Skip the pictures. Quote every line below, exactly, from the one with "Designer Madame Abla" through the final line.

::::::::

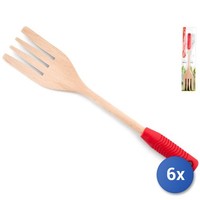 6X Holzgabel Mit Rotem Griff Cm30 Home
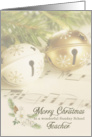 for Sunday School Teacher Christmas Sleigh Bells and Music card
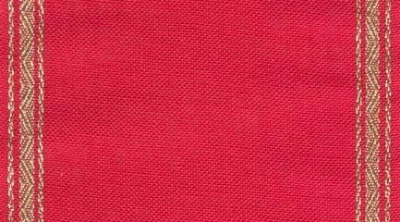 27 Count Red/Gold Pyramid Linen Banding 5.9x36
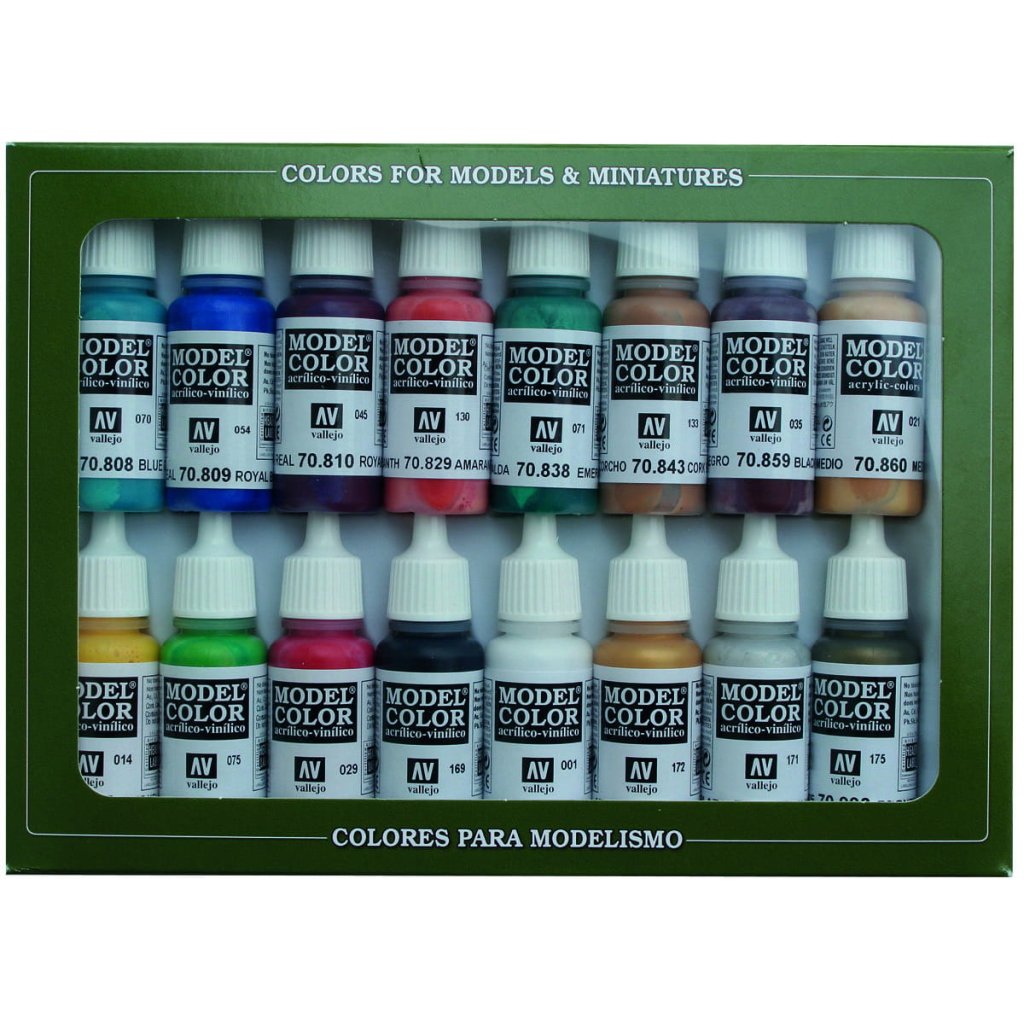 65647 vallejo model color 16 color set 70142 medieval colors 16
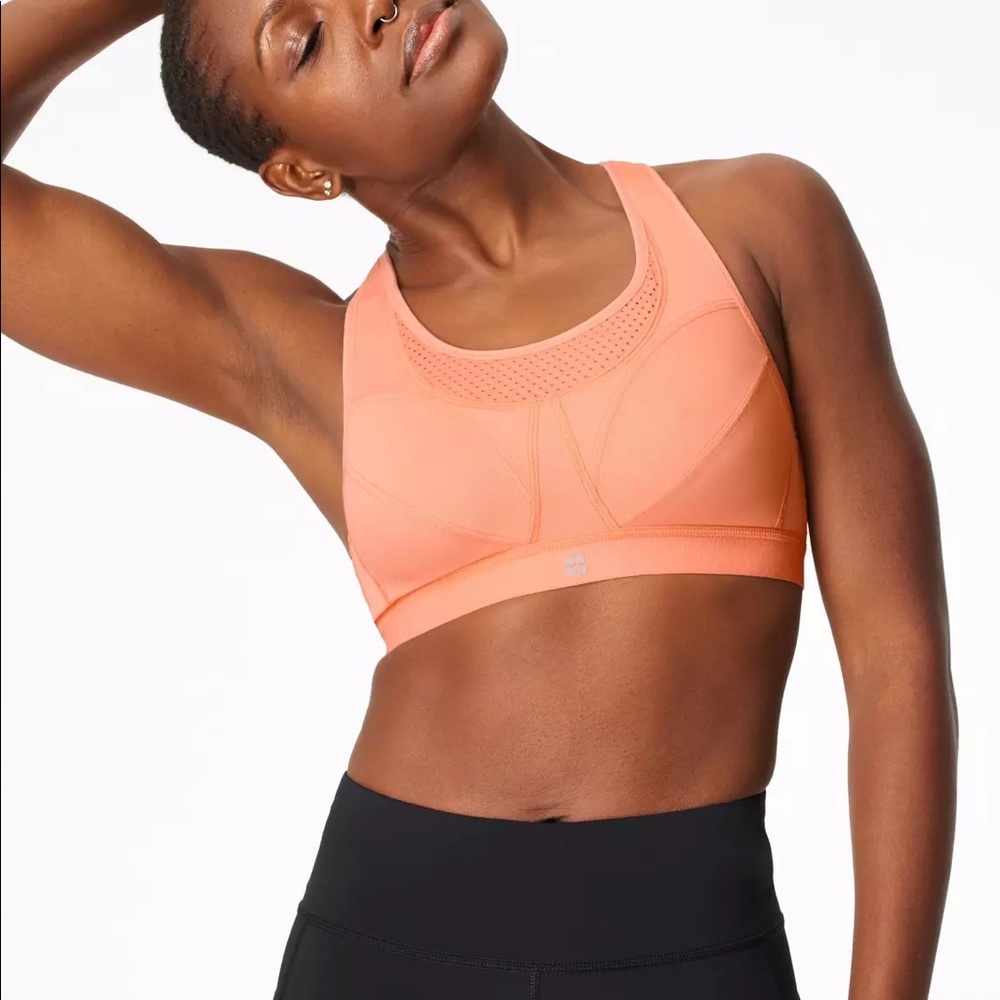 SWEATY BETTY Ultra Running Sports Bra Orange Size 34C
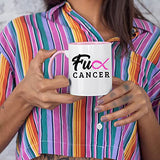 Veracco Fck Cancer Pink Ribbon Ceramic Coffee Mug Motivational Inspirational Uplifting Breast Cancer Awareness Gifts For Fearless Fighter Women Chemo Survivor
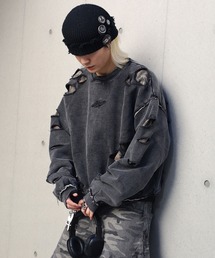 《フリーサイズ展開　/　UNISEX　》フェイクレイヤード　ダメージ加工トレーナー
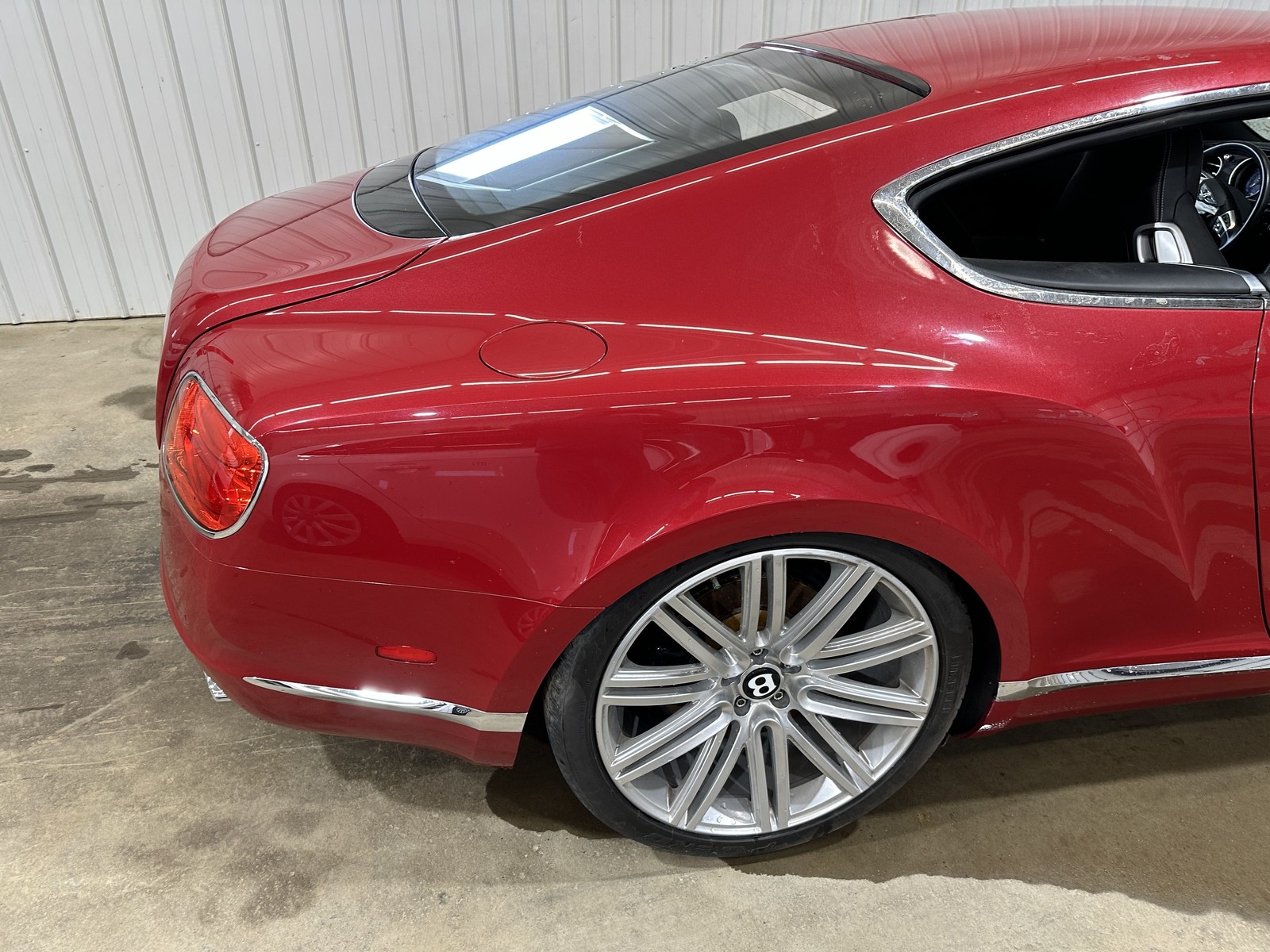 13 BENTLEY CONTINENTAL PASSENGER RIGHT REAR QUARTER PANEL DRAGON RED PEARL 6336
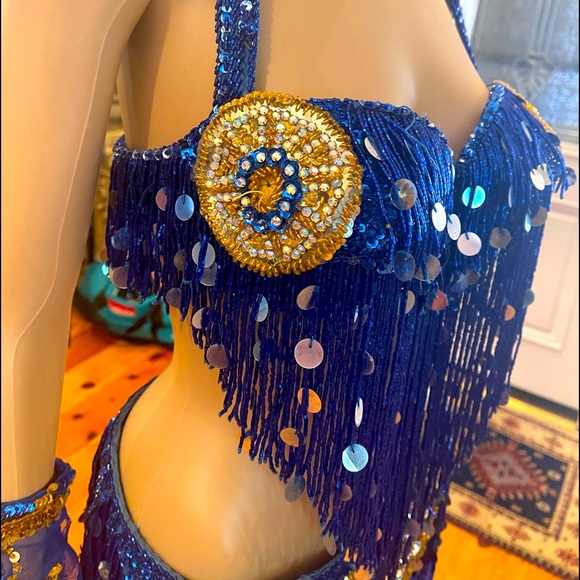 Designer Madame Abla Professional Egyptian bellydance costume Dark Blue & gold - Picture 7 of 16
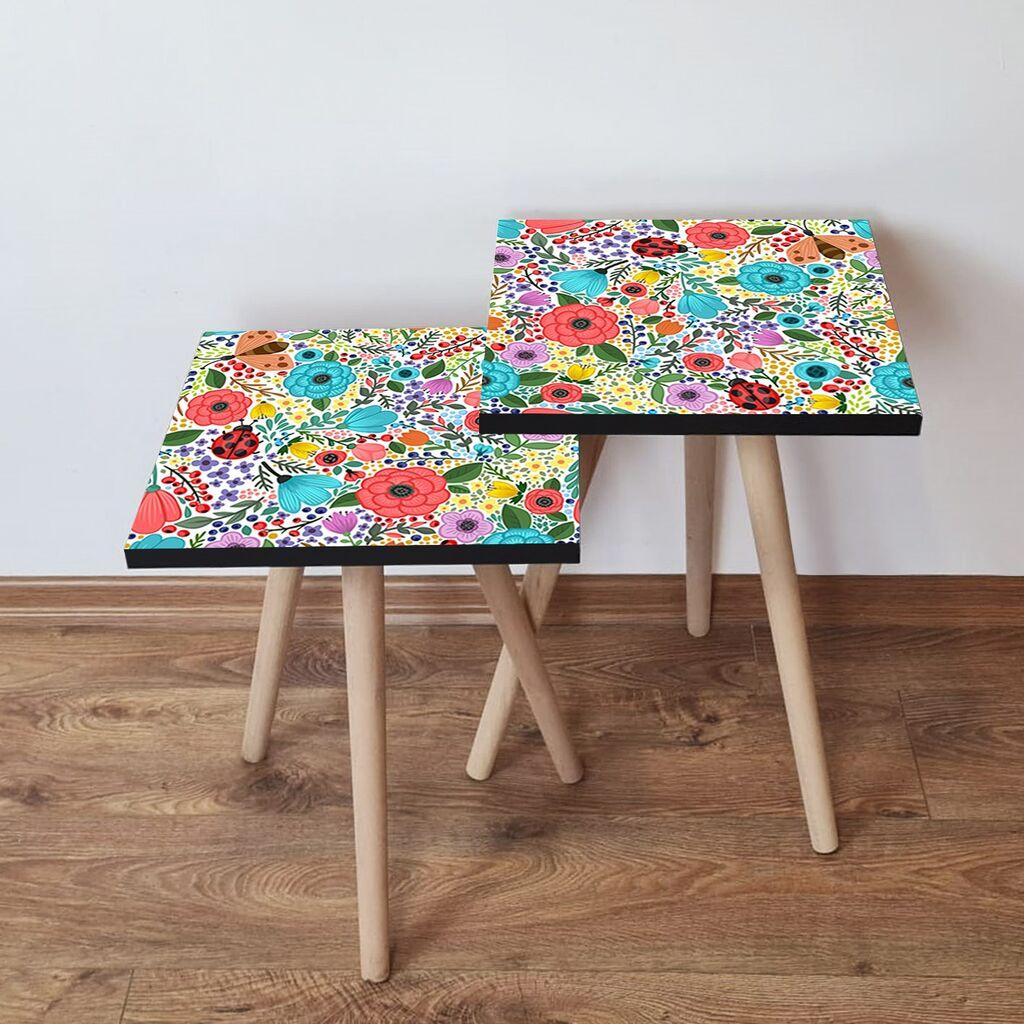 Hanah Home Set klub stočića 2Shp355, 2 komada, Šareni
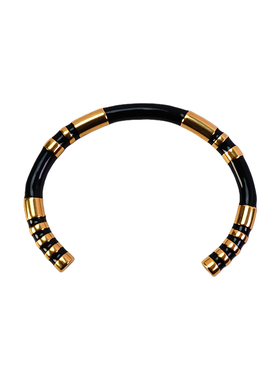 XMRE欧美风条纹设计黑色滴釉手镯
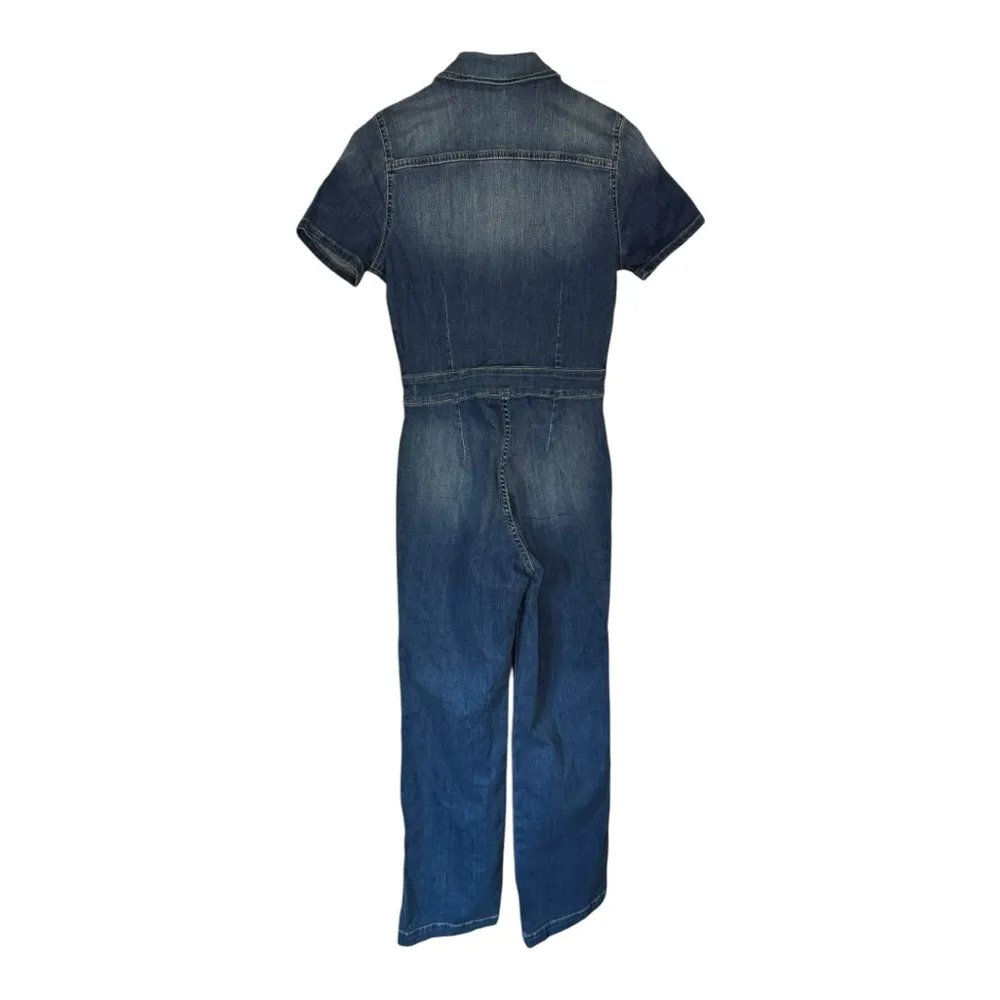 Guess zip front wide leg jumpsuit in mimi wash Size Medium NWT - Image 6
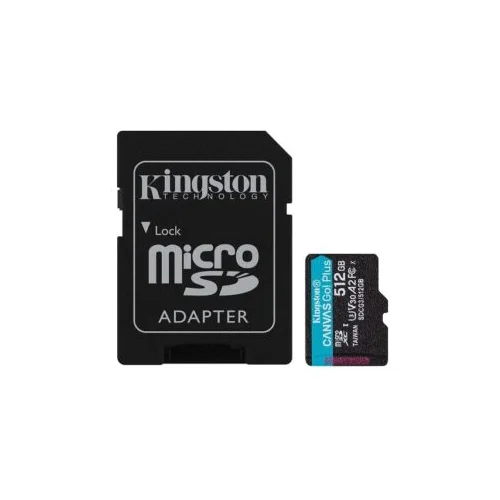 Kingston micro SD 512GB CanvasGoPlus r/w: 170MB/s/90MB/s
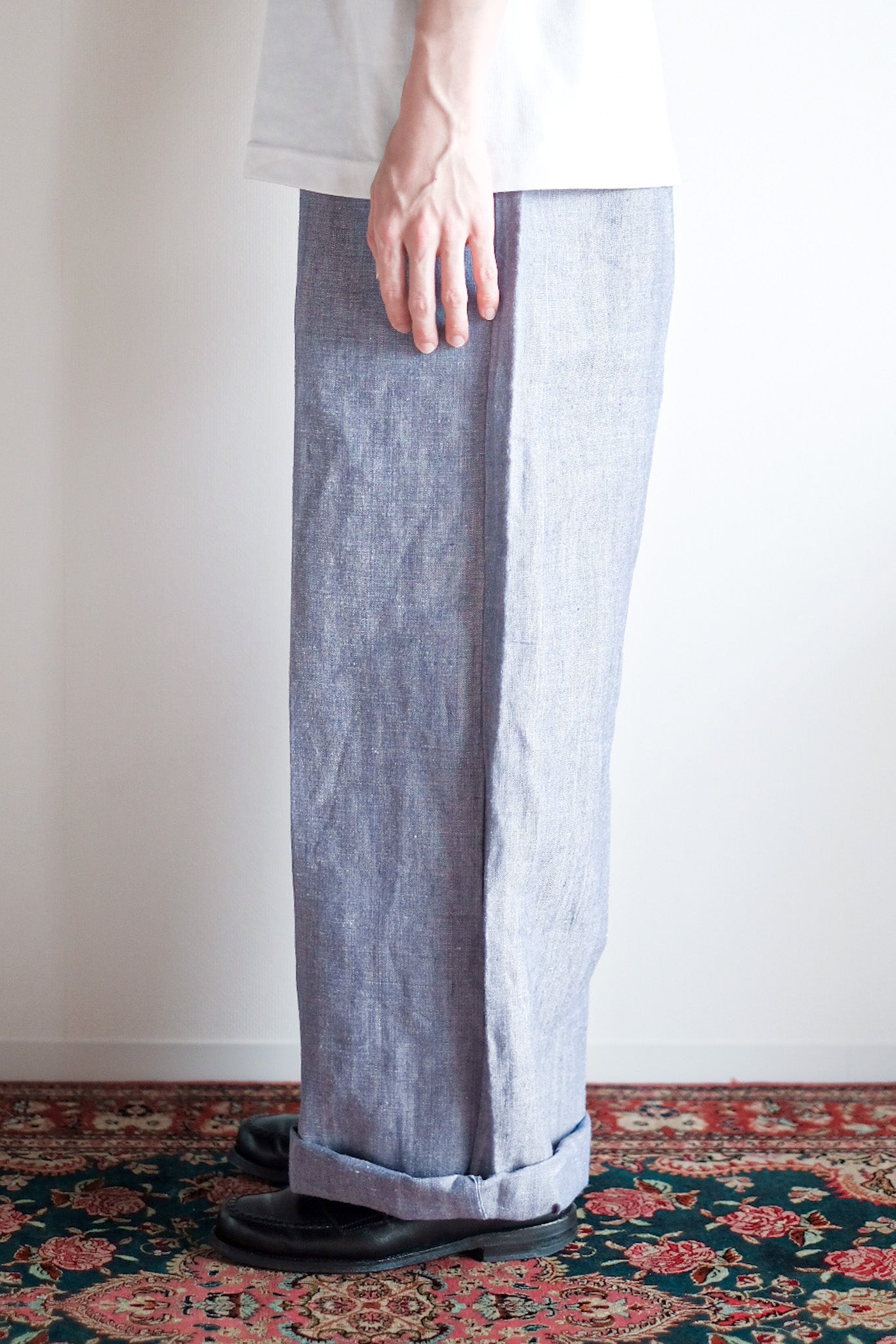 [~ 50's] French Navy Ramie Linen Sailor Pant "Dead Stock"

::::::::

→ **SOLUTION BELOW**
 Designer Madame Abla Professional Egyptian bellydance costume Dark Blue & gold - Picture 7 of 16
 Hanah Home Set klub stočića 2Shp355, 2 komada, Šareni
 XMRE欧美风条纹设计黑色滴釉手镯
 Guess zip front wide leg jumpsuit in mimi wash Size Medium NWT - Image 6
 Kingston micro SD 512GB CanvasGoPlus r/w: 170MB/s/90MB/s
 [~ 50's] French Navy Ramie Linen Sailor Pant "Dead Stock"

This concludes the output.